Looking back at history, Netflix is a typical forward-looking company.
In August 1997, only a few months after the DVD player was launched, Reed Hasting and Marc Randolph founded Netflix, and in March 1998 launched the world ’s first online DVD rental store. With only 30 employees won 925 movies, which is almost all the stock of DVD movies at that time.

In 1999, they launched a brand new monthly subscription model. For the first time, users have the opportunity to enjoy a series of annoying services such as no overdue fines, no shipping fees, handling fees and so on. The new model is more user-friendly than the single movie rental method used by Netflix. Netflix quickly established a reputation in the industry with this model. The old single movie rental model also ended in 2000.
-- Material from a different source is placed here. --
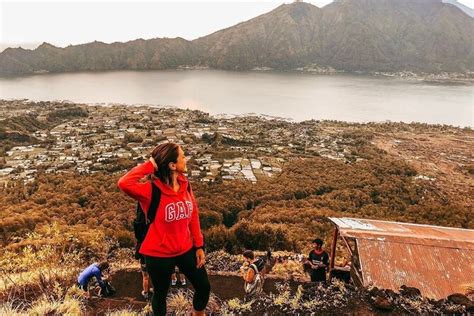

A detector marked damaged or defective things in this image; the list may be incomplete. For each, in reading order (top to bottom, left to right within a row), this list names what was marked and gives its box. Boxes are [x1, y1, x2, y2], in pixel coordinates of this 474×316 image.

rusty corrugated roof [330, 217, 474, 298]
In 2001, as the price of DVD players became lower and lower, it became one of the most popular gifts for Christmas that year. Netflix also took this express train in 2002, and the number of users has increased significantly. This is the first outlet in the four years since Netflix was founded, and now it seems that it has to sigh its unique vision.

In 2005, they found that despite the lack of high-definition content, Youtube ’s streaming service (which can be simply understood as online playback) was still very popular, so they gave up their hardware products Netflix Box and transferred to it. The streaming service was launched in 2007 . With the increase in network bandwidth and the reduction of costs in the future, Netflix, which has taken advantage of the first mover, has once again gained huge growth.

In 2006, an algorithm competition called the Netflix Prize came into being. Netflix presented a $ 1 million prize for developers to recommend algorithms for their optimized movies. As of the fourth quarter of 2012, Netflix had 29.4 million subscribers worldwide.

In 2012, Netflix began experimenting with home-made content, and launched "House of Cards" in 2013. The superb content quality and the release method of releasing the entire season of content at once made it instantly popular in the world.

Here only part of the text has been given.